What you need to do.
Going through the entries below, copy out each line that contains "Load".
(Data shown begins)
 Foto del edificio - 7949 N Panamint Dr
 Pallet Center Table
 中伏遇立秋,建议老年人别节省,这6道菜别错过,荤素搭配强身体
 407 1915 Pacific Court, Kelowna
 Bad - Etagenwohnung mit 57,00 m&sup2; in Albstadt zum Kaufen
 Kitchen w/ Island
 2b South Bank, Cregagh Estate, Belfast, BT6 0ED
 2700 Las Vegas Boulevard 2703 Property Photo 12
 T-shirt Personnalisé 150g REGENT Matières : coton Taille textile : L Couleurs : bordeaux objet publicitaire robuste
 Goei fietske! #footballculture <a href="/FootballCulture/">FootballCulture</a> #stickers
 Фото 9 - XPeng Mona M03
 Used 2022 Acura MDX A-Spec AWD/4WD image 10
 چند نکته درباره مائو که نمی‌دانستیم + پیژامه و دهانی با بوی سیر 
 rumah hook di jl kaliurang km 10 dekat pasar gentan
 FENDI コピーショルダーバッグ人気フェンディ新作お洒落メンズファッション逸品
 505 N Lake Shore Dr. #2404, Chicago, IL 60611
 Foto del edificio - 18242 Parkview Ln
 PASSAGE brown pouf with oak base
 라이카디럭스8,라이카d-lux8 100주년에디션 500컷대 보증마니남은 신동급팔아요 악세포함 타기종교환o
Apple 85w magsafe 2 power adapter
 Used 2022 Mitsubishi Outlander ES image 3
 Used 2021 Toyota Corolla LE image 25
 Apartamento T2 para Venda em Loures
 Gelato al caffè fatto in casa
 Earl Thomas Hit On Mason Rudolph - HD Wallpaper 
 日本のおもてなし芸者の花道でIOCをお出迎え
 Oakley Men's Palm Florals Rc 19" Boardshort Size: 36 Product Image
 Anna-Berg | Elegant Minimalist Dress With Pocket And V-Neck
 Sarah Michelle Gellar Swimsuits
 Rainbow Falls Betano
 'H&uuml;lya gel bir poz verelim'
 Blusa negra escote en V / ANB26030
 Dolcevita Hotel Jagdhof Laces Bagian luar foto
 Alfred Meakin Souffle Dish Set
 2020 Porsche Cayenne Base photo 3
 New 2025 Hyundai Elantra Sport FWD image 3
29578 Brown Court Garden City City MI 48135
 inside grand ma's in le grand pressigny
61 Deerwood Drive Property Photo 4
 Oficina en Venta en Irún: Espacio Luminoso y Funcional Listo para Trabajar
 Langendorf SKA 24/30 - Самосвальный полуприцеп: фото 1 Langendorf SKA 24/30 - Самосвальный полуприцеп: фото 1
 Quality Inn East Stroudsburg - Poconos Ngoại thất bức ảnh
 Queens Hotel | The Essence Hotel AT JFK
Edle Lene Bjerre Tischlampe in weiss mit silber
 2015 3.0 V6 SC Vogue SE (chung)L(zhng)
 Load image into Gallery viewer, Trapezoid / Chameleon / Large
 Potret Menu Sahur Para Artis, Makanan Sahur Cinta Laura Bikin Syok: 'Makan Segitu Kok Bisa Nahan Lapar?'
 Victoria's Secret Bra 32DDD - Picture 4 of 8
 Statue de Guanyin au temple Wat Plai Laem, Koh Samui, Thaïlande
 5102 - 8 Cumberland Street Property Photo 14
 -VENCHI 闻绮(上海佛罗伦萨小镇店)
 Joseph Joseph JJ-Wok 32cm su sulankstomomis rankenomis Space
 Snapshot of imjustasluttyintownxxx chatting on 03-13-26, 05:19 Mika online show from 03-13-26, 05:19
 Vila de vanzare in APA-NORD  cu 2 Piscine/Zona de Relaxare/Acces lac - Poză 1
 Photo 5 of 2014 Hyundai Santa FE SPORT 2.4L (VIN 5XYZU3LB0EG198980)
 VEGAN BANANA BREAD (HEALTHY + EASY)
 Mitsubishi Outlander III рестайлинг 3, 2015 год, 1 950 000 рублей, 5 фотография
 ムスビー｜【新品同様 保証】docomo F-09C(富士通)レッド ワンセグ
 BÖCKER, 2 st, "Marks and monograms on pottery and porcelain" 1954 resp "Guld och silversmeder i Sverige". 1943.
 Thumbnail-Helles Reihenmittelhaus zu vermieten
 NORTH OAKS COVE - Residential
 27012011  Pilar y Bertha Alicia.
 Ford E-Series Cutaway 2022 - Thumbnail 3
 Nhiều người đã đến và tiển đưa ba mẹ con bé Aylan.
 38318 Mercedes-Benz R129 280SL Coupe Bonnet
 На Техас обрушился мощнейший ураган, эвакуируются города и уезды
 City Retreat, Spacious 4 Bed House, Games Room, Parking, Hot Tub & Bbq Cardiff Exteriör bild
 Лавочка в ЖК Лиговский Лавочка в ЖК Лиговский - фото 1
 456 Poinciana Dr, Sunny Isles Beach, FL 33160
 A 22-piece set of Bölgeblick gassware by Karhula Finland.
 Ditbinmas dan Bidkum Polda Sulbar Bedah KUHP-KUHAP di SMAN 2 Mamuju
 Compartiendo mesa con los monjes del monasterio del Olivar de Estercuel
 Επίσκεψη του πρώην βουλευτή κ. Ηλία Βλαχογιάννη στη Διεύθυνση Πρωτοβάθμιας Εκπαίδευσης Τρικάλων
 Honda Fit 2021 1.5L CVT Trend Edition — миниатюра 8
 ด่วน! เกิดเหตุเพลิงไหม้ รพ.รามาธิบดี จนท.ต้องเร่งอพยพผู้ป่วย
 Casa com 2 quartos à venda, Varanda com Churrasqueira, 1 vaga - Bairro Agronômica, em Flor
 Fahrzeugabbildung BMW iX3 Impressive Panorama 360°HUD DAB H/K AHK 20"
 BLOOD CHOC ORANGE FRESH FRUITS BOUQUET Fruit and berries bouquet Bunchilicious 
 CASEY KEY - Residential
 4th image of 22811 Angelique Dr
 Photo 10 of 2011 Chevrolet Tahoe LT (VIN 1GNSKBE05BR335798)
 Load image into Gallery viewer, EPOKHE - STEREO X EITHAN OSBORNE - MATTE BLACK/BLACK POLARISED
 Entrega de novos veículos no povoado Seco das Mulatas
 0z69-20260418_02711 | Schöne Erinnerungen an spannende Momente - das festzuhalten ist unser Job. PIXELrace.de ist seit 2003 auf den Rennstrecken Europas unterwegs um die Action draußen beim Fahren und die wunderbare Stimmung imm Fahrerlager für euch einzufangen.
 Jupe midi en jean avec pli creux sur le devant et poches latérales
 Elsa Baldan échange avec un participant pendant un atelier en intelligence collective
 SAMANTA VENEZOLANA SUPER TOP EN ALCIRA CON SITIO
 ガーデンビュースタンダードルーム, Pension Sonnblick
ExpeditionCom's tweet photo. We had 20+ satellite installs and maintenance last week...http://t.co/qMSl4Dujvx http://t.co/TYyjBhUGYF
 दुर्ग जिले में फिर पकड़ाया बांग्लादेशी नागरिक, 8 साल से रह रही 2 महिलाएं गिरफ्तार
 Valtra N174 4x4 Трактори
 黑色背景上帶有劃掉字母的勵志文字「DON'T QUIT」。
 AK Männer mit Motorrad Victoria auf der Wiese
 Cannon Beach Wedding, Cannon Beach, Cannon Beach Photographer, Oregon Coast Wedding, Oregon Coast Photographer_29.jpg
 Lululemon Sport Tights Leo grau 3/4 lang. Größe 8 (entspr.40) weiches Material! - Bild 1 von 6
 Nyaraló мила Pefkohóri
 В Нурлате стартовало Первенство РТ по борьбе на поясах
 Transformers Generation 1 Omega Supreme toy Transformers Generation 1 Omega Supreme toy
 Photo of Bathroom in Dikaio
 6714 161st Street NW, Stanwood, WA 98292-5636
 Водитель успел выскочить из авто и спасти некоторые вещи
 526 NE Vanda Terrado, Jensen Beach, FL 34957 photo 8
(Data shown ends)
Expected output.
 Load image into Gallery viewer, Trapezoid / Chameleon / Large
 Load image into Gallery viewer, EPOKHE - STEREO X EITHAN OSBORNE - MATTE BLACK/BLACK POLARISED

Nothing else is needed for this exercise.